From the first line to the last, repeat the records exactly and skip the pictures.

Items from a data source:

______________________________

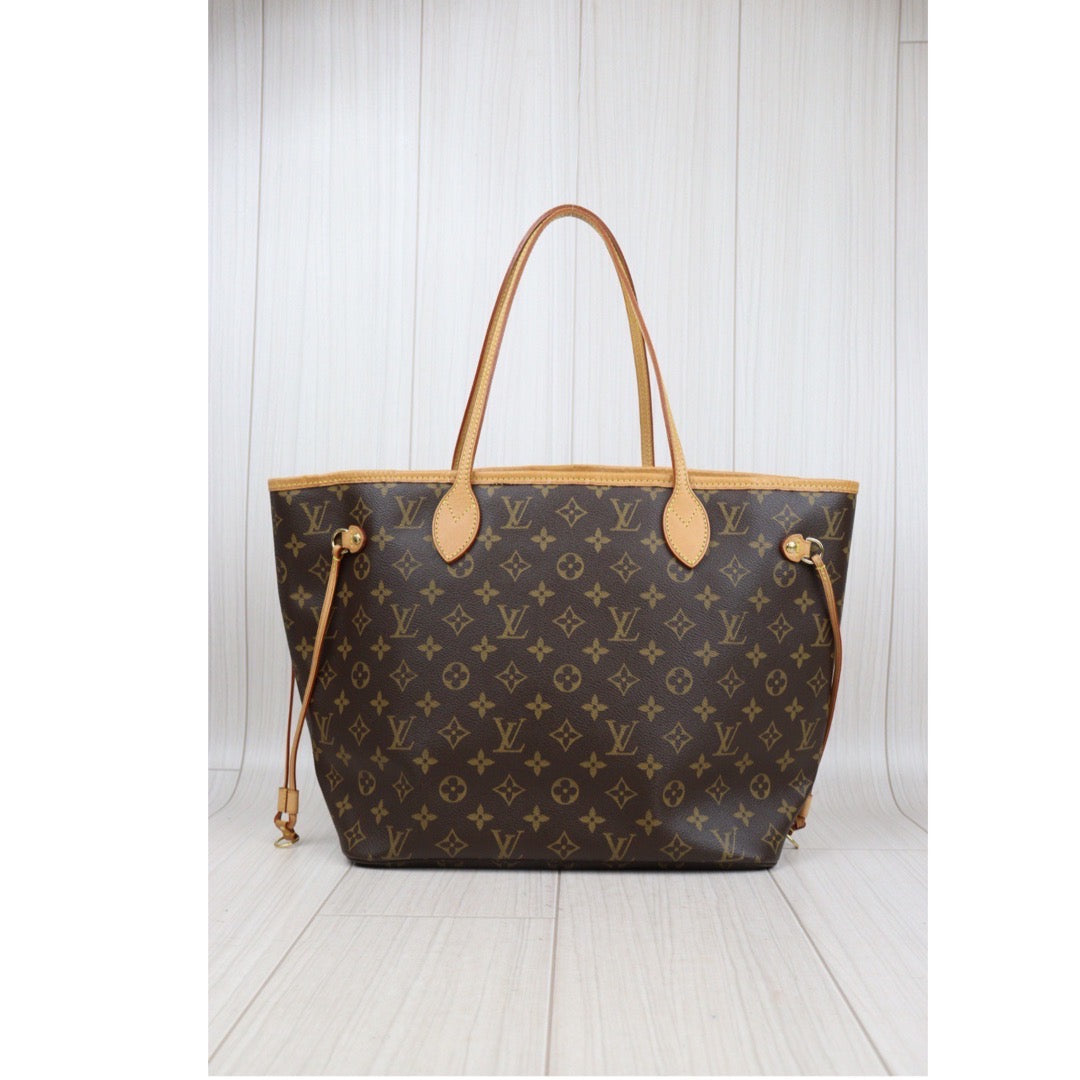 Rank A ｜ LV Monogram Neverful MM ShoulderBag ｜24022706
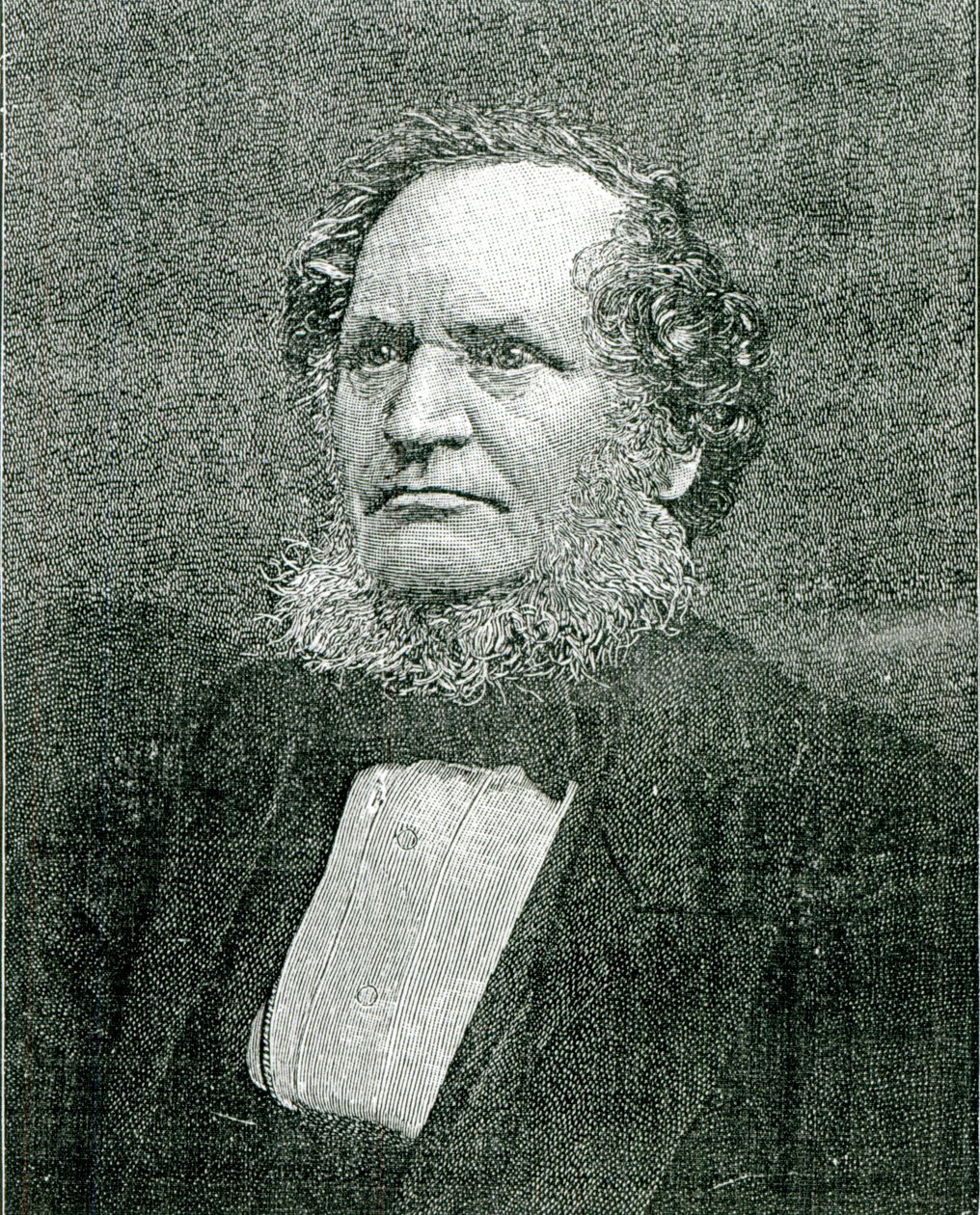Edward Henry Smith Stanley, Lord Stanley, Samuel A. Walker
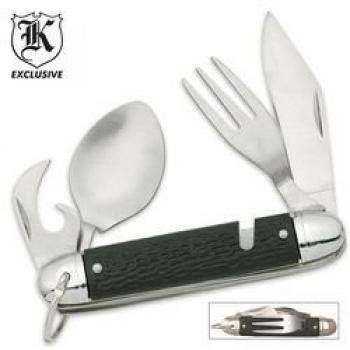 christmas Knife Kingdom BK697 Classic Hobo ToolB000MMXBIE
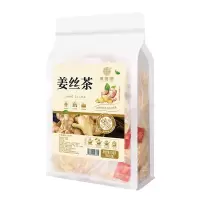 谯韵堂 姜丝茶 150克/袋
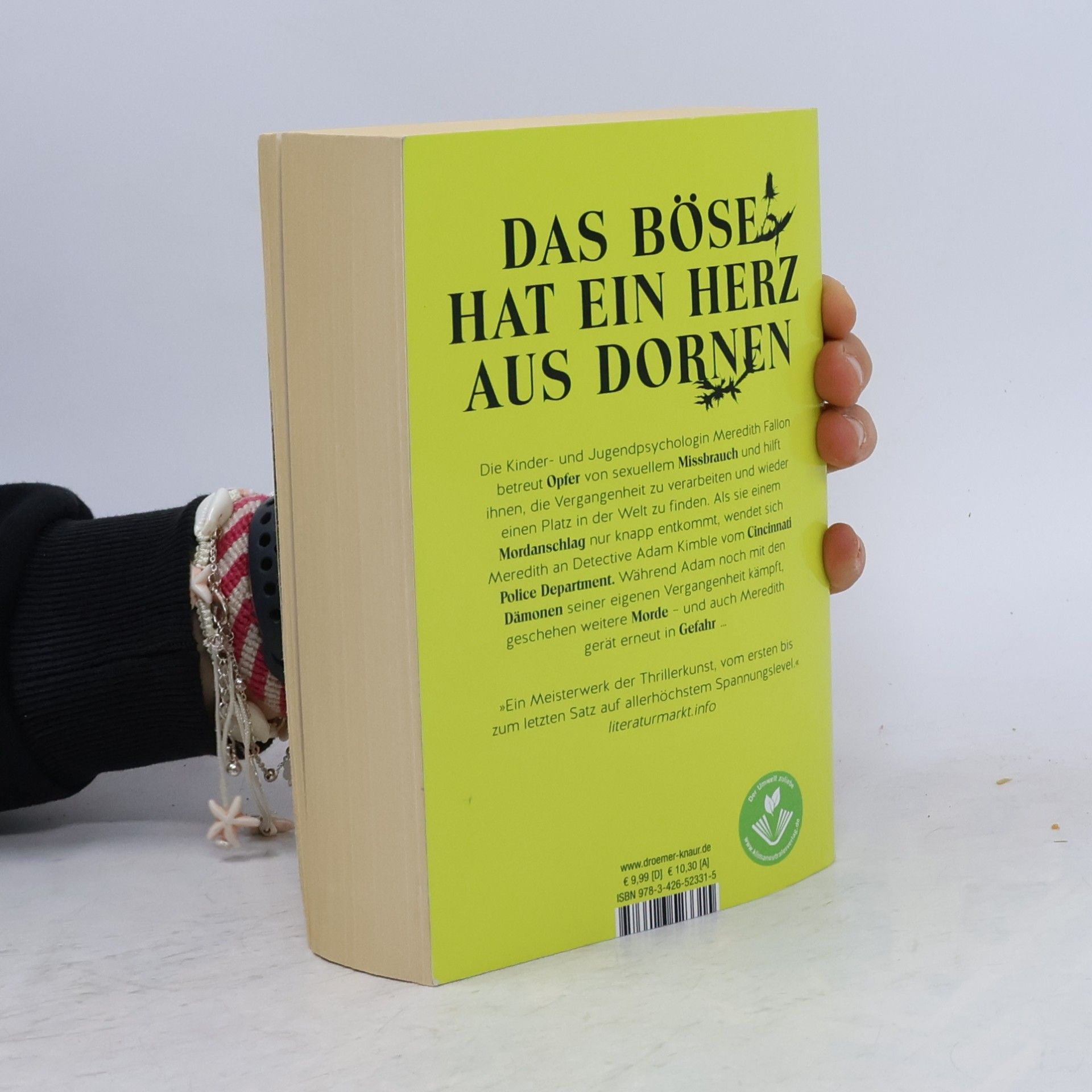 Karen Rose Dornenherz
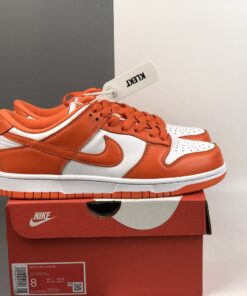 nike dunk low E2809CsyracuseE2809D orange white for sale qtrqx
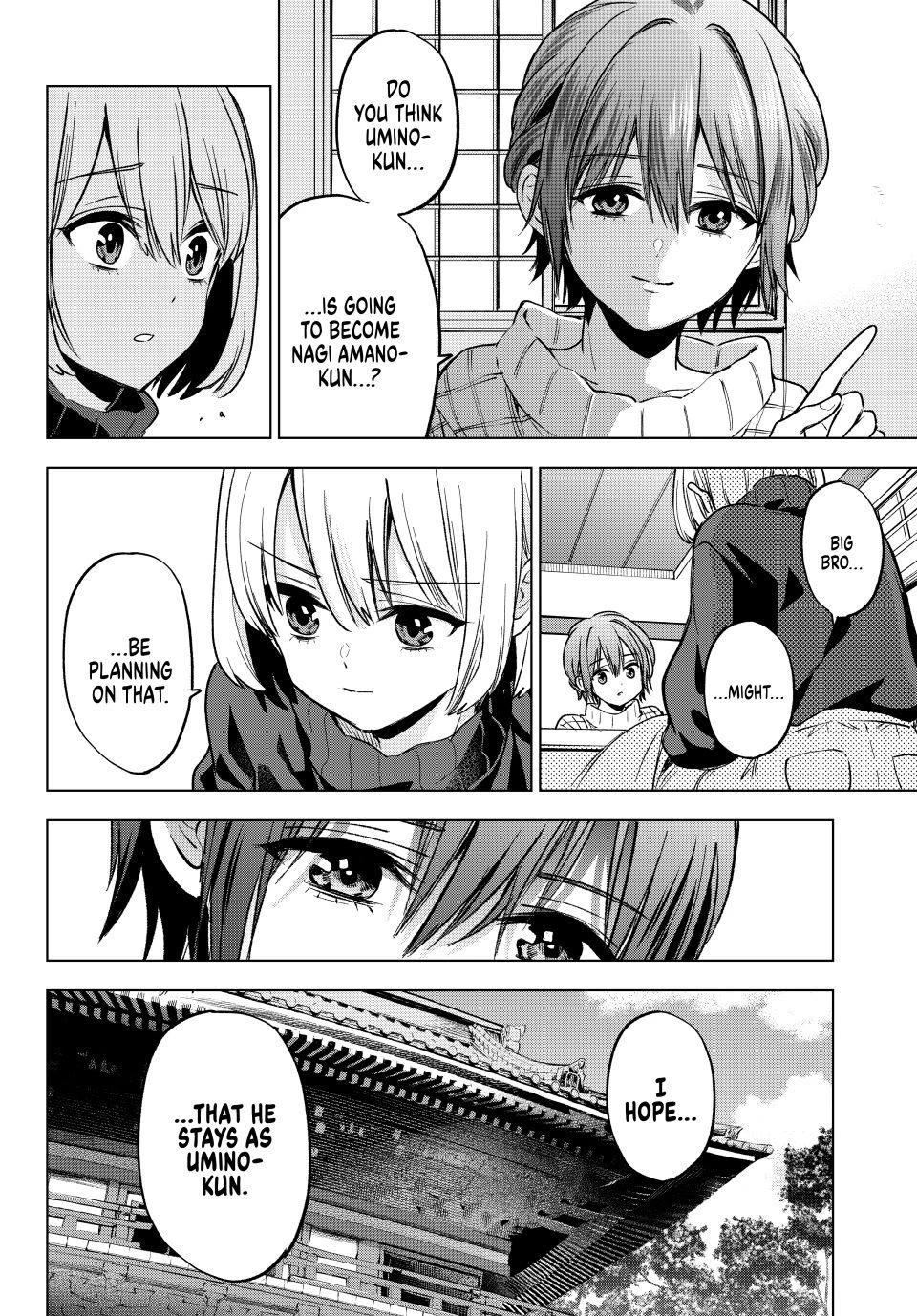 The Cuckoo's Fiancee Chapter 283 page 4 - Chapter 283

______________________________

Written response >>
 Rank A ｜ LV Monogram Neverful MM ShoulderBag ｜24022706
Edward Henry Smith Stanley, Lord Stanley, Samuel A. Walker
 christmas Knife Kingdom BK697 Classic Hobo ToolB000MMXBIE
 谯韵堂 姜丝茶 150克/袋
 Karen Rose Dornenherz
 nike dunk low E2809CsyracuseE2809D orange white for sale qtrqx
 The Cuckoo's Fiancee Chapter 283 page 4 - Chapter 283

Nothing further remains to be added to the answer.